HypLabObservation always contains:

system_message: Human-readable text the LLM reads
available_variables: Variable names in this episode
budget_remaining: Steps left
done: Whether episode ended
reward: Step reward

On experiment steps: result_value, noise_sigma, info_gain_reward, is_redundant

On submit: accuracy_score, precision_bonus, calibration_score, efficiency_bonus, contradiction_penalty, total_episode_reward, ground_truth_revealed

Causal Rule Types

The hidden world can contain any of these relationship types:

Rule	Formula	Shape
Linear	`y = a*x + b`	Straight line
Threshold	`y = high if x > t else low`	Step function
Inverse	`y = a / x`	Hyperbola
Quadratic	`y = ax² + bx + c`	Parabola
Exponential	`y = a * exp(k*x)`	Growth/decay
Logarithmic	`y = a * ln(x) + b`	Diminishing returns
Saturating	`y = Vmax * x / (Km + x)`	Plateau (Michaelis-Menten)
Piecewise-linear	Two slopes with a knot	Regime change

Additionally, some effects may depend on two parents via interaction rules (additive, multiplicative, min, max), and hidden confounders may inject correlated noise the agent cannot explain.

Reward Components

Signal	Value	What it trains
Information gain	+0.05 to +0.25/step	Designing informative experiments
Redundant experiment	-0.10	Not wasting budget
Hypothesis accuracy	0.0 to +1.0	Getting the right answer
Precision bonus	+0.10	Quantitative, falsifiable claims
Calibration score	0.0 to +0.20	Knowing what you don't know
Efficiency bonus	+0.15	Submitting early when confident
Contradiction penalty	-0.50	Contradicting the experimental setup

Tasks (3 difficulty levels)

Task	Noise	Variables	Budget	Domain	Key Challenge
Easy	0.05	2	12	system_alpha	Single-edge discovery
Medium	0.20	3	10	Random	Multi-edge, noisy signals
Hard	0.50	4	8	Random	Complex graph + interactions, tight budget

Each task has a deterministic grader that returns a score in [0.0, 1.0].

Design Decisions

Abstract variable names: Variables are named Alpha, Beta, Gamma (or V1, V2, V3, etc.) rather than Temperature, Pressure, Volume. This prevents LLM agents from using pretrained knowledge of real-world physics/economics/biology to shortcut the reasoning process. The agent must reason purely from experimental data.
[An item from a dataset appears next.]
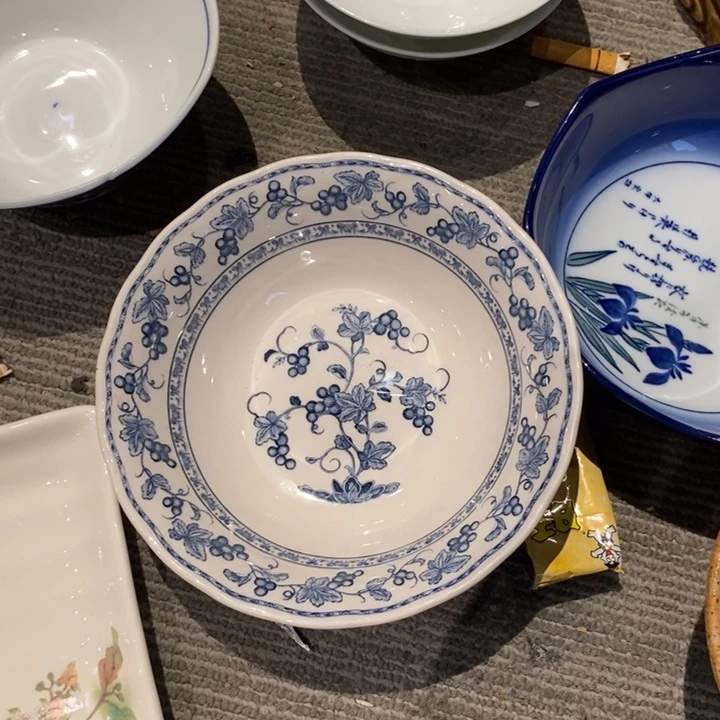 瓷片柯***觉瓷器瓷器瓷器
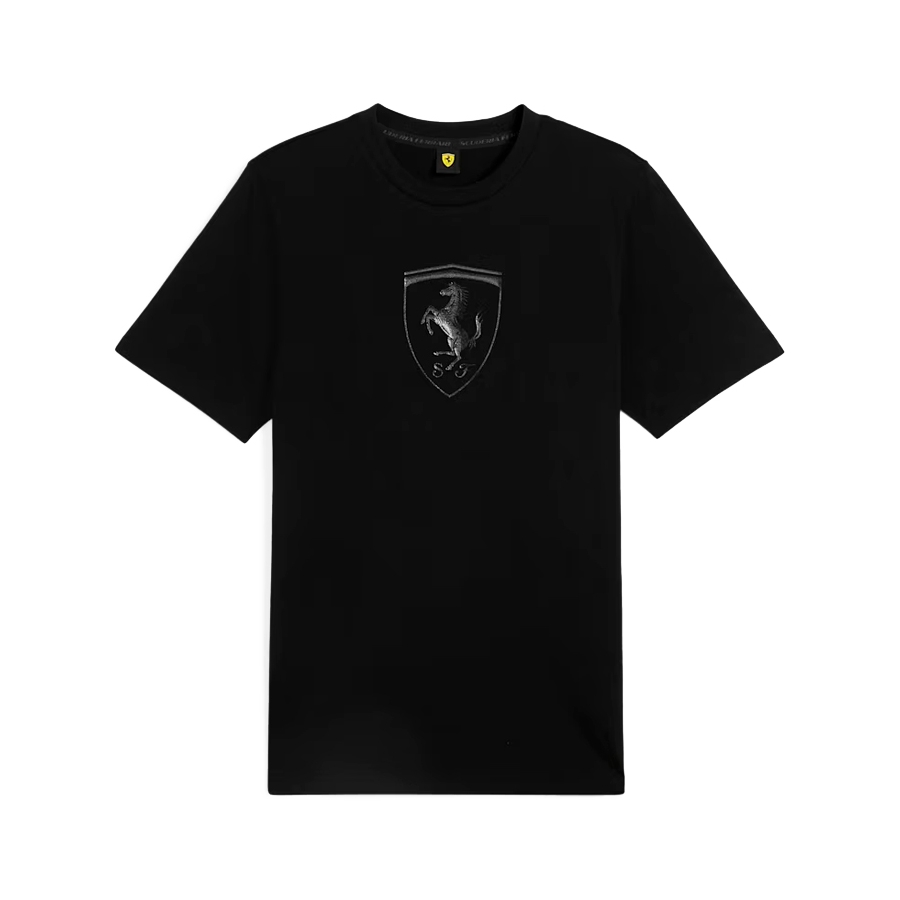 ferrari-race-tonal-t-shirt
Diverse rule types: With 8 single-parent types plus interaction rules, the agent cannot memorize a small set of templates. Many rule types look similar in narrow ranges (e.g. exponential ≈ linear for small x), forcing the agent to design discriminating experiments.

Deploy to HF Spaces

openenv push --org your-org --token $HF_TOKEN

Run Tests

pytest tests/ -v

Baseline Scores

Baseline agent (gpt-4o-mini, temperature=0.3):

Task	Score
Easy	~0.65
Medium	~0.40
Hard	~0.25
Average	~0.43

These scores are reproducible via python baseline_inference.py with the same model and seed.